Trying to get a new certificate and I get a time out

swemattias

I made some changes to my root certificate (not used just created) and when I push renew I get this after, lets say 5 mins:

2023/01/02 18:20:19 [error] 60761#100105: *4728 upstream timed out 
(60: Operation timed out) while reading response header from upstream, 
client: 10.20.1.119, server: , request: "POST /acme/acme_certificates.php 
HTTP/2.0", upstream: "fastcgi://unix:/var/run/php-fpm.socket", host: 
"10.1.1.1:8081", referrer: "https://10.1.1.1:8081/acme/acme_certificates.php"

Have I done something wrong? Or what has just happend? Same result after trying it 2 times.

jimp

Hard to say where it's getting hung up, but you can check the logs it keeps under /tmp/acme/<cert name>/acme_issuecert.log and see if there is any helpful info in there. There may also be other logs in the same directory you can check.

Usually timeouts there are problems contacting the remote portions of the process (e.g. it can't reach Let's Encrypt servers, the LE servers can't reach you to validate, whatever provider you've configured for DNS validation can't be reached, etc)

swemattias

@jimp Thanks for sticking with me. First up in that /tmp/acme folder, all the old (erased) certificates is still there, oh well, I went into the folder for the current one, looked at that log-file and I think I got something, that I do not how to solve.

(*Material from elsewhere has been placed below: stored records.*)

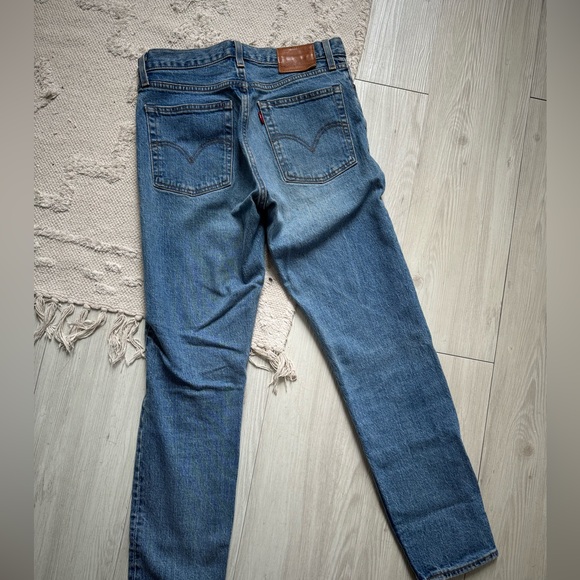 LEVI Wedgie fit jeans, size 26 - Picture 3 of 5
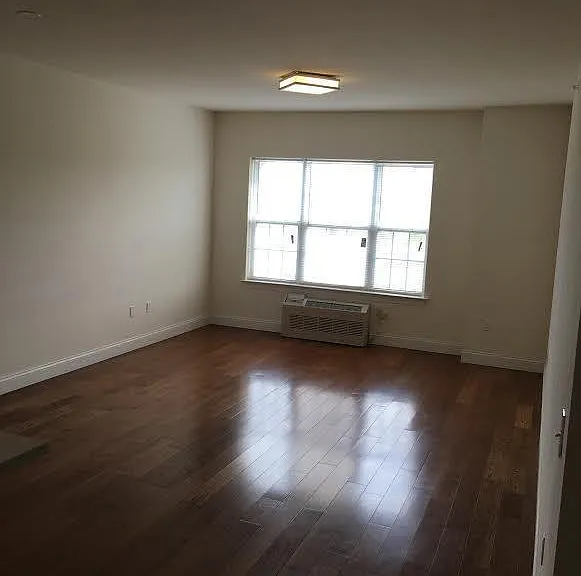 111 Glenwood Ave — Photo 3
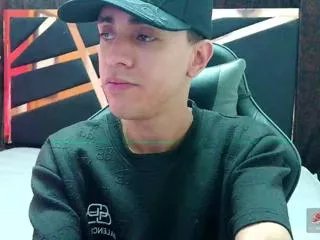 miick_johnson on Flirt4Free 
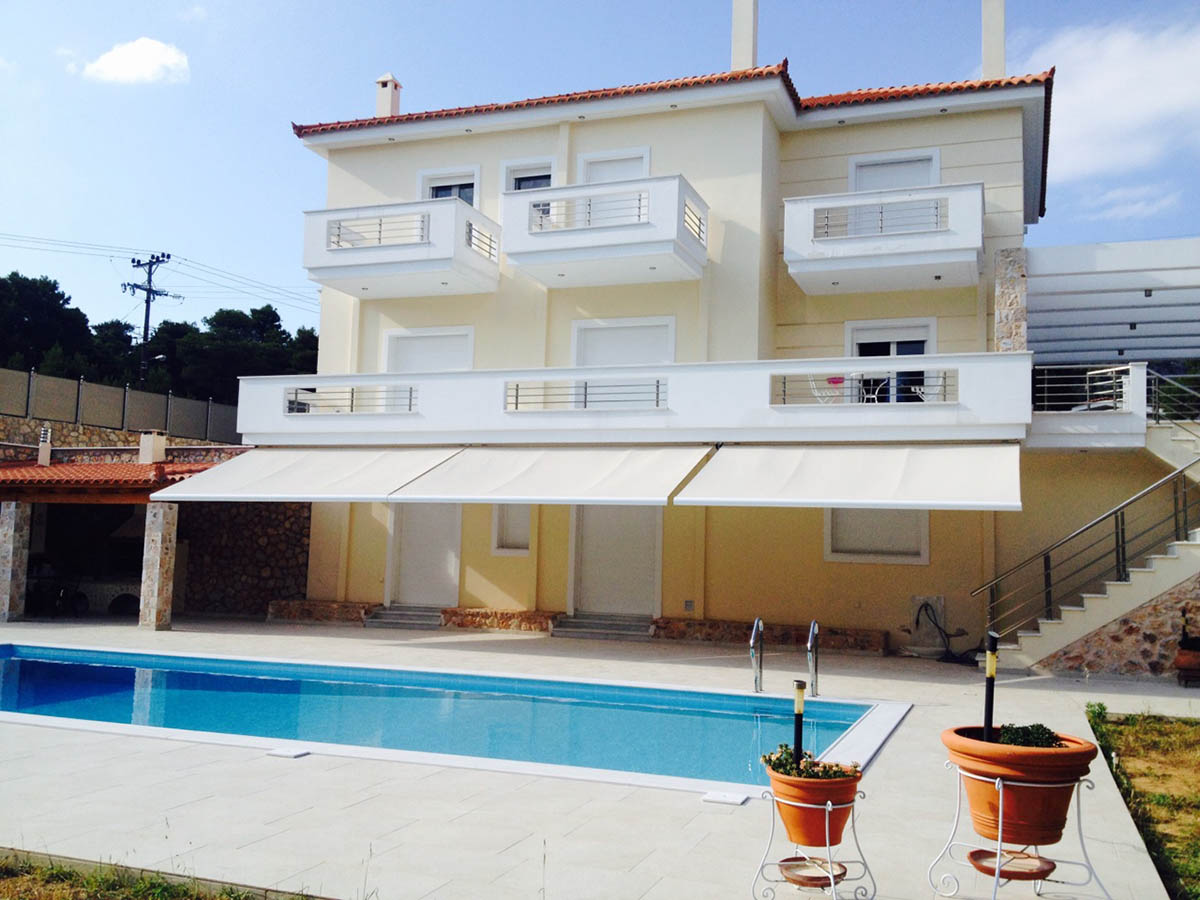 Τέντες με βραχίονες και ασύρματα μοτέρ σε οικία στην περιοχή των Αφιδνών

TXT for _acme-challenge.domain.io - check that a DNS record exists for this domain

I tried to add this TXT to this domain, still no luck.
Same error:

server: nginx
date: Wed, 04 Jan 2023 19:09:49 GMT
content-type: application/problem+json
content-length: 144
boulder-requester: 898486957
cache-control: public, max-age=0, no-cache
link: <https://acme-v02.api.letsencrypt.org/directory>;rel="index"
replay-nonce: Ytp0p-Wk6HsJ_B-nN6jeV-vQ
^M'
[Wed Jan  4 20:09:49 CET 2023] code='400'
[Wed Jan  4 20:09:49 CET 2023] original='{
  "type": "urn:ietf:params:acme:error:malformed",
  "detail": "Unable to update challenge :: authorization must be pending",
  "status": 400
}'
[Wed Jan  4 20:09:49 CET 2023] response='{
  "type": "urn:ietf:params:acme:error:malformed",
  "detail": "Unable to update challenge :: authorization must be pending",
  "status": 400
}'

swemattias

So I added a TXT record to the domain:

After this, I have had a fall forward (a Swedish saying...)
Now an error that you actually might be able to help me with!

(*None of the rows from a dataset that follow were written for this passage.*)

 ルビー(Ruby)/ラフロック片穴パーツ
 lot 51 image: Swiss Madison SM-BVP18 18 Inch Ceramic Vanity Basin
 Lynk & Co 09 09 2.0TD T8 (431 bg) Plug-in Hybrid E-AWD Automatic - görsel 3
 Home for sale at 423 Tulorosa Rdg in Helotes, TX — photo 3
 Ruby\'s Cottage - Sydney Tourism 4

[Thu Jan  5 14:08:24 CET 2023] domain.io:Verify error:Incorrect TXT record

So how do I format a correct TXT record?

jimp

That's something ACME should be setting up in Cloudflare directly, provided it has the correct settings in there for your Cloudflare account (and assuming your ACME cert entry is set to DNS-Cloudflare)

swemattias

@jimp I studied the issuecert log some more and I saw that it succeeds with the certificate, but on another of my cloudflare domains. I had a certificate for this domain months ago, but I have removed them from pfSense all together before I began with this.

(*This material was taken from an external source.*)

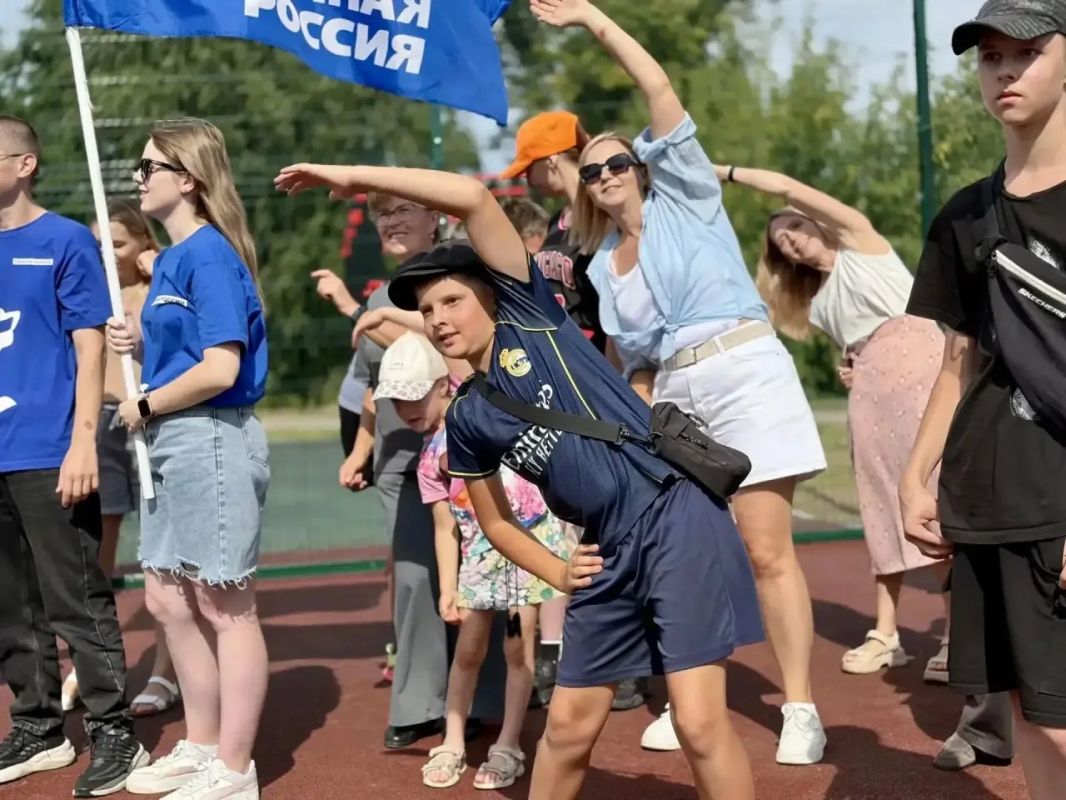 Георгий Филимонов: В Череповецком округе открыли «умную» спортивную площадку Георгий Филимонов: В Череповецком округе открыли «умную» спортивную площадку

In the /tmp/acme there are files for the other domains that I have removed, both from Acme and Cert. Manager. I guess a restart would empty the tmp folder?

So how do I move forward?

swemattias

So I removed the AccountID, ZoneID and the Token from the Cloudflare panel under certificates. After that issuing new certificates started to work just as expected.